Given the high stress, and high profile nature of these incidents, no one wants their first exposure to these types of scenarios to be during a live response and investigation. Therefore it is critical that proper training simulations be orchestrated with the incident response team throughout the course of the year. These sessions are crucial in setting proper expectation with business units as to what is to be anticipated during an incident, what are acceptable response times, and how long will it take to perform data acquisitions. Proper training and exposure will ensure that if and when a live incident occurs, all involved employees know exactly what to do, and more importantly, what not to do.

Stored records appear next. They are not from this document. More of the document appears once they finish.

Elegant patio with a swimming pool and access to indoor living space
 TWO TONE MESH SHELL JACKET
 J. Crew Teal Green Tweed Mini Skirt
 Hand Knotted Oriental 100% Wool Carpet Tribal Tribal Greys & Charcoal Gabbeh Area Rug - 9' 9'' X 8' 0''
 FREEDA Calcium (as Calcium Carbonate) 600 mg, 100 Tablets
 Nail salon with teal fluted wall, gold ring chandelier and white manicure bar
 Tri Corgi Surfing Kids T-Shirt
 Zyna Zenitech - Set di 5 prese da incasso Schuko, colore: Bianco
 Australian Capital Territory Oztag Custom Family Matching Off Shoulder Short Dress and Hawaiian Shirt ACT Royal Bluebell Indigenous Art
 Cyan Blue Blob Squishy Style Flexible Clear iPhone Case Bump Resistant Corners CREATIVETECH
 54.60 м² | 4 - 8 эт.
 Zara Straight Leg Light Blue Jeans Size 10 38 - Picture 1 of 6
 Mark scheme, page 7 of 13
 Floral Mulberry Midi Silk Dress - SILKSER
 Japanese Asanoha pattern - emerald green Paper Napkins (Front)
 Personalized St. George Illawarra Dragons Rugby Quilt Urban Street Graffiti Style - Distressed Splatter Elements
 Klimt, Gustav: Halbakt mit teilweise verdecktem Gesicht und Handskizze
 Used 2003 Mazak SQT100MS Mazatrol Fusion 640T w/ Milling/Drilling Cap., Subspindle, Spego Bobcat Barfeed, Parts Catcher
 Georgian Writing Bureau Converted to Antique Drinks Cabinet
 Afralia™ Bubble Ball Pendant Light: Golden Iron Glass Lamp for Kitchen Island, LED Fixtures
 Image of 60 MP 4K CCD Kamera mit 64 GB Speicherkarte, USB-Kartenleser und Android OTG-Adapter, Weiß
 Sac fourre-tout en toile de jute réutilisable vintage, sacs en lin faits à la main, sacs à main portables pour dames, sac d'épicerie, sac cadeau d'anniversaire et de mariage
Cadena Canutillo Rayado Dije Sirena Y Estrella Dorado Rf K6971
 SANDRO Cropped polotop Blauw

Numerous factors will feed into the decision process of whether or not a compromised host needs to be removed from a production environment, and how long before the device can be returned. A company can help to ensure that any time required to preserve and collect evidence/information is done with the best interests of the organization in mind by following the three Ps: preparation, procedures, and practice.
Stephen Scharf, CISSP, is a managing security architect with security consulting firm @stake (www.atstake.com).